Questions questions…

 

Which solid modeller are you using?

 

Is 10 teeth pushing it a bit? I thought 12 was considered the lower limit?

 

The design book I was given is “Gear Design Simplified” by Franklin Jones and its the best laid out /easiest to follow I’ve seen so far.

 

I’ve only cut parallel depth bevel gears so far, but they do work and don’t whinge much…

 

 

Regards

 

Steve

 

[Anonymous]

Hi Steve,

 

There’s nowt wrong with questions!

 

I’m using Alibre for solid modelling. I have the ‘Expert’ version, so including sheet metal and all the bells and whistles. I’ve been using it for about 6 years now. I bought it primarily for my work, but it is also very useful for model engineering. For anything other than a simple arbor, or similar, I tend to design in Alibre to ensure that parts fit together, will move together without interfering and then be able to produce 2D drawings. It has a few foibles but overall I think it is good value for money. Solidworks was outside my budget. In the distance past I’ve used ProEngineer, but didn’t get on with it, very difficult to use.

 

That’s the book! First time I used it, mumble, mumble, years ago I borrowed it from the library at RAE Farnborough, but eventually had to buy my own copy from Amazon.

 

As I understand it 12 teeth for involute gears is about the limit without introducing undercut, which weakens the teeth, I think. Certainly the standard B&S style involute cutters only go down to 12 teeth. But there’s no theoretical limit, just practical ones. Well may be a one tooth gear would be a bit difficult!

 

Regards,

 

Andrew

Edited By Andrew Johnston on 04/06/2011 16:01:32

Edited By Andrew Johnston on 04/06/2011 16:02:27

[JasonBModerator @jasonb]

Andrew, there is a bit about machining the diff for a Burrell (singel cyl) but quite a bit is the same and they are John Rex parts on Conrads site though he went for parallel depth.
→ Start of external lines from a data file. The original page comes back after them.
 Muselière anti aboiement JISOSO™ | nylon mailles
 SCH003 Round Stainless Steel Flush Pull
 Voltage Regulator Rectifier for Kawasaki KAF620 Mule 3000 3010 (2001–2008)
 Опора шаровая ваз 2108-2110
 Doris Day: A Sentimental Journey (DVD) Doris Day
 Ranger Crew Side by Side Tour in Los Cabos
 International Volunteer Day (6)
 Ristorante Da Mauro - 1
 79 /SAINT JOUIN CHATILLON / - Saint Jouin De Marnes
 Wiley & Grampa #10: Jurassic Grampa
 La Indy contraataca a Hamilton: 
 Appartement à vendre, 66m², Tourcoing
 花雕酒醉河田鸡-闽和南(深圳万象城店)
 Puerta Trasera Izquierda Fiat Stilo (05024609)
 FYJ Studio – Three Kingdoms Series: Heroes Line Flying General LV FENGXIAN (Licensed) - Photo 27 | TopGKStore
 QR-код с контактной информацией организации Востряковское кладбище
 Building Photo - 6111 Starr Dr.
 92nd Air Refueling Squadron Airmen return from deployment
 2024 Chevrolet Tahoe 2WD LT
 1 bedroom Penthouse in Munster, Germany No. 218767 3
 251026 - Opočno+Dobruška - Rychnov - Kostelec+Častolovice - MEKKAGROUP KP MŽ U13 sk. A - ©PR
[Steve WithnellParticipant @stevewithnell34426]

 

This is the set of bevel gears I made for my Stuart Victoria. I’d like to claim I made these with a set of false teeth, so I don’t need CNC, but it wouldn’t be true. These are 40DP parallel depth, so not as manly as Andrews pucker 6DP gears, but they did the job. I set is 1:1 and the other set is 2:1. I ignored the advice regarding odd numbers of teeth because the engine was never likely to run more than an hour or two any way.

 

 

[Anonymous]

JasonB: Thanks for the link to Conrad’s site; an interesting read. At least I didn’t fall into the trap of not having the number of teeth on the crown wheel divisible by 3 when I re-designed the differential using parallel tooth bevels.

 

Steve: Wow, nice looking gears! I may be asking you for advice in the future; there are two bevel gears needed for the governor on my traction engines. I think they’re about 20DP so milling by the CNC route will need a small cutter. So I may use the parallel depth method for them. Just one comment; the space between the teeth on the two gears to the left seems quite deep in relation to the tooth width. Is this a consequence of the parallel depth method?

 

Regards,

 

Andrew

[Anonymous]

Now for a brief discussion on the various methods of producing bevel gears.

 

First, thanks to Nick for the drawings, very good! I’m sure the method would work, as would the use of a hacksaw and file. But my word it would be a bit tedious. I wonder what sort of templates would be needed to ensure accuracy, and how would you make them?

 

As an aside Richard mentioned the Hiraoka books; I’ve heard good reports about them. I have a friend who has an obsession with Shay locomotives; I’ll have to ask hin if he has the books.

 

Now onto the suggestion by ady of using a shaper. I considered this too, essentially I guess one is making a crude Gleason bevel gear planer. It seems a lot of work though, and secondly my shaper is sadly out of action at the moment, awaiting repair of a broken casting.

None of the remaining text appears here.